Short Bio & Research Activity


Francesco Trebbi I am the Bernard T. Rocca Jr. Chair and Professor at the University of California, Berkeley Haas School of Business.

I am a Research Associate at the National Bureau of Economic Research, where I co-direct the NBER Political Economy Program. I am also a Fellow of the Econometric Society, of the Centre for Economic Policy Research, and of CESifo.

I am currently a Co-Editor at Econometrica.

Before joining UC Berkeley, I was a faculty member at the University of British Columbia and at the University of Chicago. I received my PhD in Economics from Harvard University.

My academic research primarily focuses on Political Economy and Applied Microeconomics broadly defined. I have worked on lobbying, regulation, housing markets, banking, political institutions and their design, elections and political campaigns, behavior in legislatures, and campaign finance. I have also worked on topics related to the political economy of development, corruption, patronage, ethnic politics, and intra-state conflict. I have interests in Finance, Development Economics, and Macroeconomics.

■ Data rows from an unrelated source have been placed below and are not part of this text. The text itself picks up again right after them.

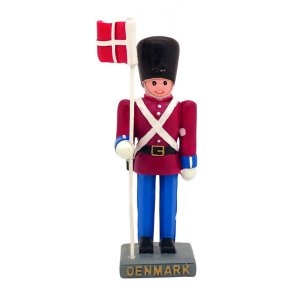 Magnet Garder Med Dannebrogs Flag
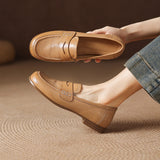 Galea | Genuine Leather Loafers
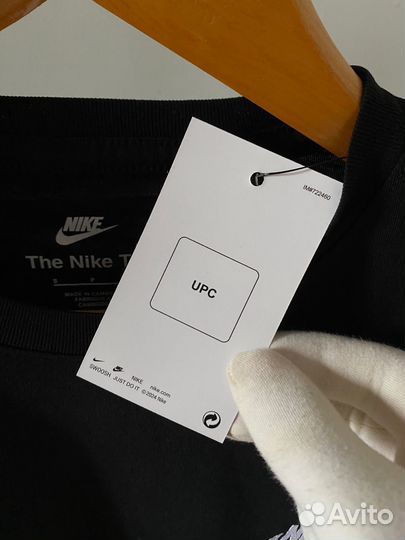 Футболка Nike вышивка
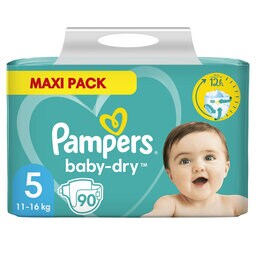 90ct | Baby dry | Maxi pack | S5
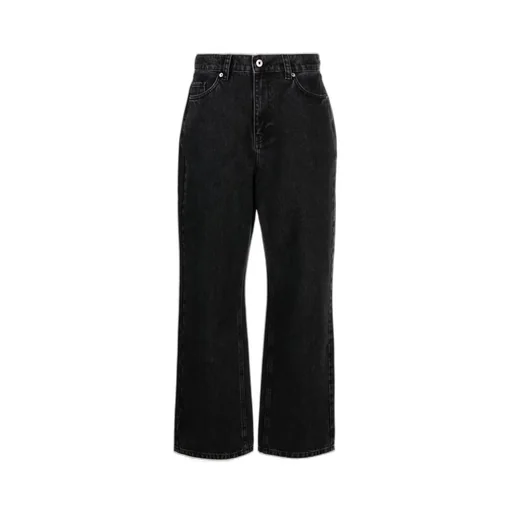 Sly Mid-Rise Straight Leg Jeans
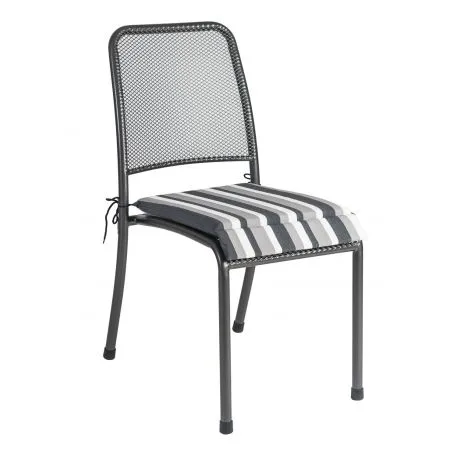 Portofino Charcoal Stripe...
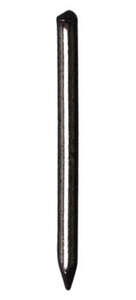 Pointe tête plate extra large en acier galvanisé BIGMAT Diam. 1,3 x L. 18 mm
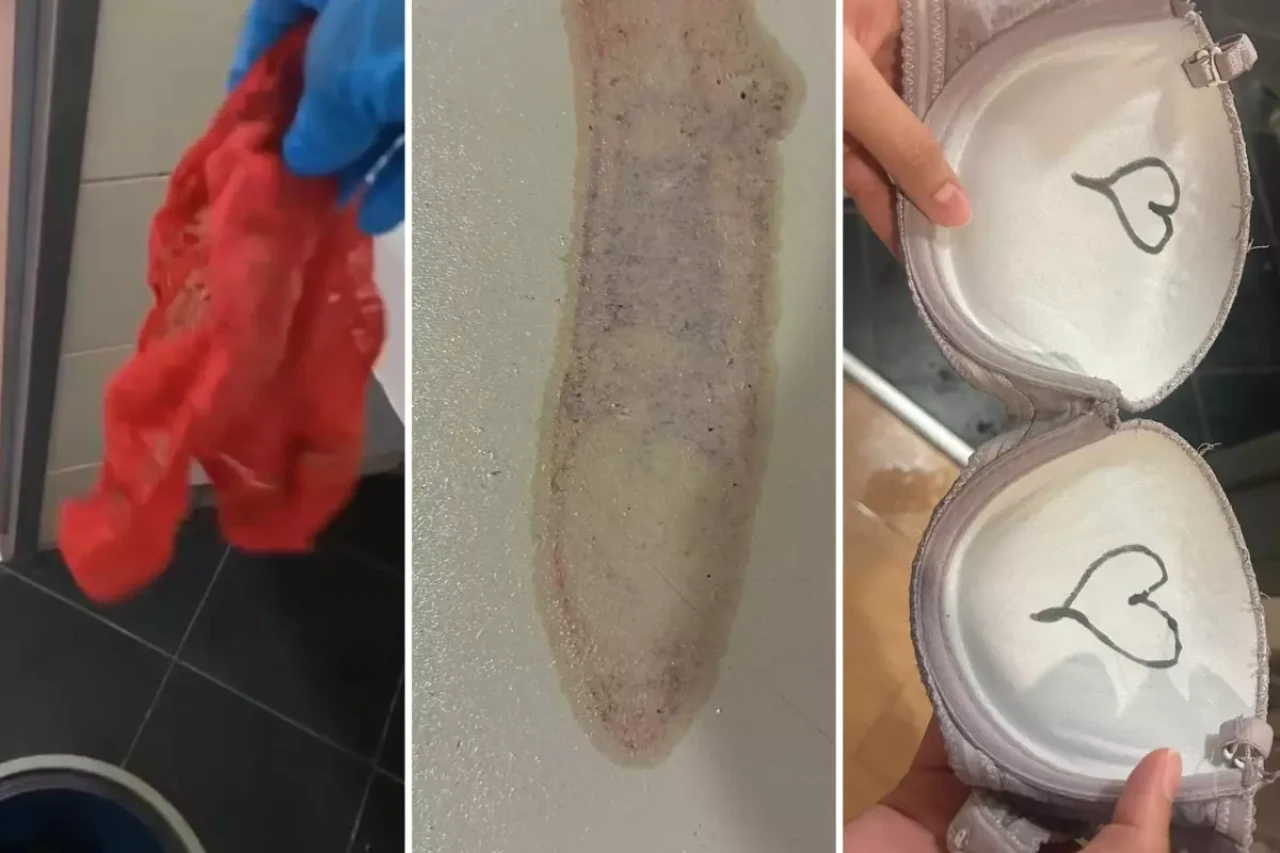 Kız yurduna tadilat için gelen işçilerin yaptıkları mide bulandırdı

My teaching interests are in Political Economy, Applied Econometrics, Macroeconomics, and Data Science.


Recent Working Papers


Climate Politics in the United States (with Matilde Bombardini, Fred Finan, Nicolas Longuet-Marx, and Suresh Naidu)

Abstract

We study the effects of climate change and mitigation on U.S. politics. We combine 2000-2020 precinct-level voting information and congressional candidate positions on environmental policy with high-resolution temperature and precipitation data and census-block level measures of ``green" and ``brown" employment shares. Holding politician positions fixed within a district, we find that Democratic vote share increases with exogenous changes in local climate and green transition employment. We incorporate these estimates into a structural model of political competition, including both direct and demand-driven effects of shocks on candidate policy platform supply. Incorporating our model estimates into 2025-2050 projections of climate change and green employment transition, we find that voting for the Democrats increases, even as both parties move slightly to the right on climate policy. Under worst-case climate projections and current mitigation trajectories, the median 2050 Congressperson has roughly the same environmental ideology as the median 2010 Democrat –for instance supporting carbon pricing.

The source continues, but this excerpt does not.